A fama da Escola da Ponte correu mundo. E começou a atrair famílias de vastas posses. Um doutor em não sei o quê – nunca soube, só sei que o tratavam por “Senhor Doutor” – transferiu o seu filho de uma escola particular para a Ponte.

Pelo Quim da Pita Borrada, vim a saber que esse “doutor em educação” “dava aula na universidade”. 

Nos encontros de sábado à tarde, quando reuníamos as famílias dos nossos alunos, para conversar sobre os projetos de vida dos seus filhos, o doutor não perdia uma oportunidade de nos interpelar e sempre a despropósito.

Certo dia, quando tentava explicar aos pais dos nossos alunos que os seus filhos poderiam aprender de modo diferente do tradicional “bê a, ba”, que poderiam aprender a ler sem ser a partir da letra, o “Senhor Doutor” deitou faladura:

“Isso pode lá ser! Como todos sabemos, todos aprendemos a ler soletrando, partindo da letra para construir palavras. Sempre foi assim!”

“Há outros modos de alfabetizar, a partir da palavra e até da frase.” – respondi.

“Desculpe, mas considero falsa essa afirmação.” – Doutro dixit.

O Tónio Maduro, analfabeto, corroborou a fala do “Senhor Doutor”:

“O Professor Zé que me perdoe, mas eu acho que o Senhor Doutor tem toda a razão.”

Respirei fundo e esclareci.

“Senhor António, diga-me, por favor qual foi a primeira palavra que o seu filho disse”

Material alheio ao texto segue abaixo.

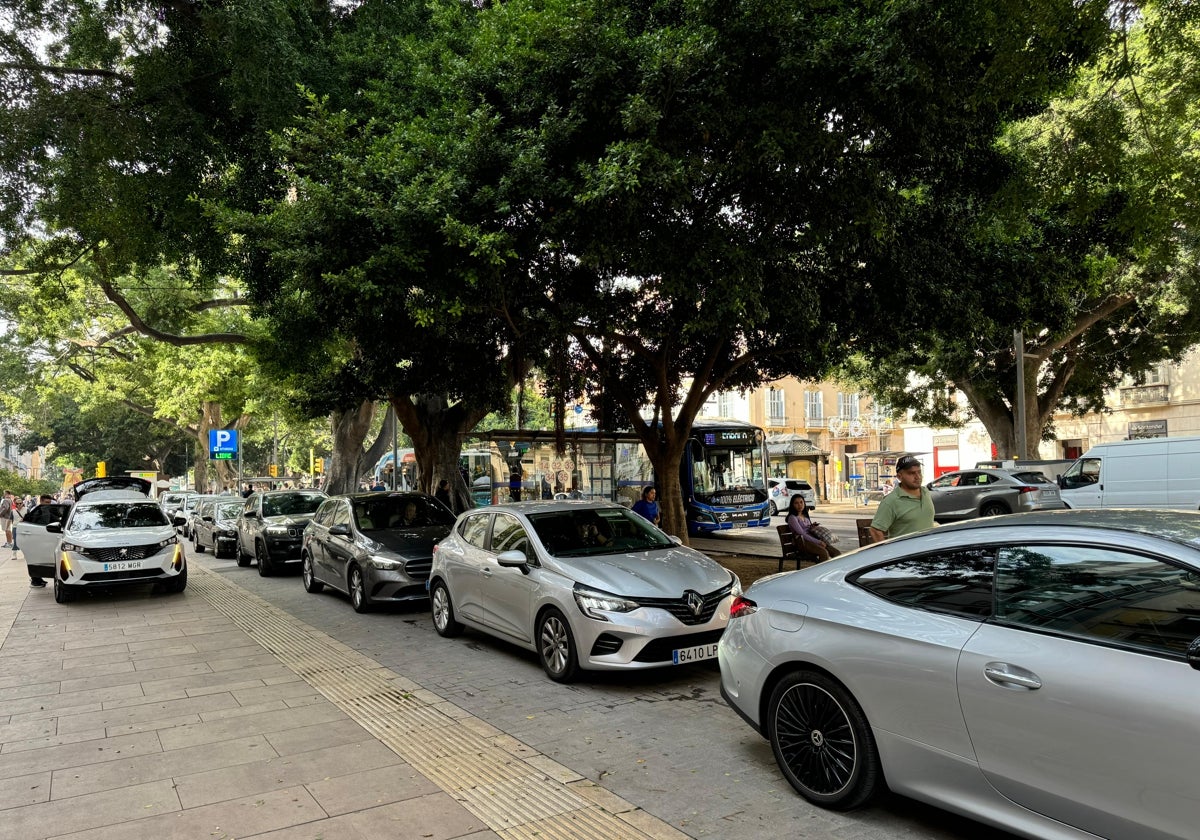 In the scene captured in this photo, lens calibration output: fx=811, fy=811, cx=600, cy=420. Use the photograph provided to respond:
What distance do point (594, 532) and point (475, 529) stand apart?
4.66 ft

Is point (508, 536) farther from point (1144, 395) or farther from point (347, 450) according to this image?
point (1144, 395)

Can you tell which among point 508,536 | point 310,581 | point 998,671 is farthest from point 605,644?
point 310,581

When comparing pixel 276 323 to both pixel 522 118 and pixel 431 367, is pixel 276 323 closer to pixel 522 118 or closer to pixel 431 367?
pixel 431 367

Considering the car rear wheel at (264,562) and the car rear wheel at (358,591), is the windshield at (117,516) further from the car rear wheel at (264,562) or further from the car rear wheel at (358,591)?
the car rear wheel at (358,591)

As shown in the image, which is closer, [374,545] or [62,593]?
[374,545]

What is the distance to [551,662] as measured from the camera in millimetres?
6676

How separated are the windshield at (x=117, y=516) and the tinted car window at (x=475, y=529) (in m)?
7.07

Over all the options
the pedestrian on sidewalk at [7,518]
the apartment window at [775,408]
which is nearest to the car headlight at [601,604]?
the pedestrian on sidewalk at [7,518]

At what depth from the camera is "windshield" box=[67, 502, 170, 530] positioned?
12241 mm

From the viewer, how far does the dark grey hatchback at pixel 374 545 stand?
33.3ft

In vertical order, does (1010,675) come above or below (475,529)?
below

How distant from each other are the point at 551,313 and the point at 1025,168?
6.48m

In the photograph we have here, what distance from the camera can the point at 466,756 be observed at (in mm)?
4945

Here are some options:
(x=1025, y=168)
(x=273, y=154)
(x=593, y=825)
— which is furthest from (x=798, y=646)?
(x=273, y=154) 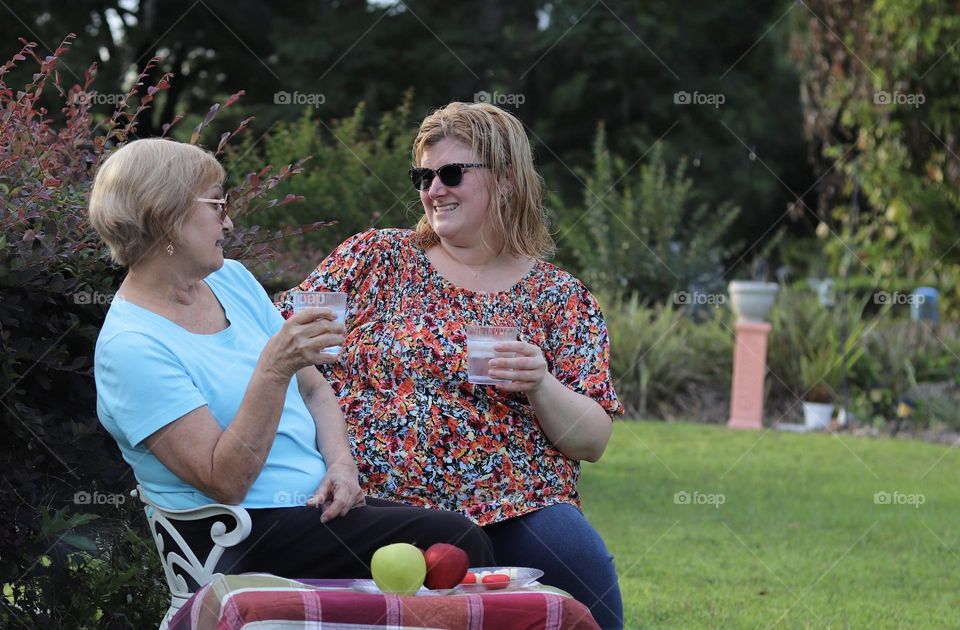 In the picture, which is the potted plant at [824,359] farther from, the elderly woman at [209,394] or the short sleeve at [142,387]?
the short sleeve at [142,387]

“Foi “papai”. Fiquei tão contente, Professor Zé!”

“E a segunda?”

“Foi “mu”. Ainda me lembro.”

“Ele viu uma vaca?”

“Foi!”

“E a terceira palavra?”

“Ele viu passar um carro e disse “mu”. Inté pensei que o meu filho fosse bobinho.”

“Nada disso, amigo António! O seu filho é muito inteligente. Repare! 

Ele viu uma vaca, que é um objeto longitudinal com quatro pontos de contato com a terra (as patas) e que emite um som: “mu”. Um carro também é um objeto longitudinal com quatro pontos de contato com a terra (os pneus). 

Quando o carro fez “pópó”, o seu filho subdividiu o “mu” em “um” e “pópó”. Compreendeu?”

“Num sei o que é isso de longi… e o sub… qualquer coisa, mas acho que entendi.” 

Eu fazia uso de conhecimentos de psicologia da cognição, da hierarquização de conceitos, sem disso fazer alarde, explicando em linguagem de gente.

O Tónio Maduro aquiesceu. Mas, despeitado, o Senhor Doutor insistiu:

“É evidente que se aprende juntando letras e não como você diz!”

Ignorei a provocação e perguntei ao Tónio:

“Ó Senhor António, quando o seu filho disse “papai”, o senhor disse-lhe que não era assim que se falava? Mandou-o repetir: “um pê e um a… pa”, um pê e um ai… pai” e, depois, juntar as duas sílabas e dizer “papai”?

“Claro que não!” – respondeu o douto Tónio Maduro, que não tinha feito doutorado – “Não sei o que quer dizer essa coisa das silvas, mas acho que o Professor Zé está certo.”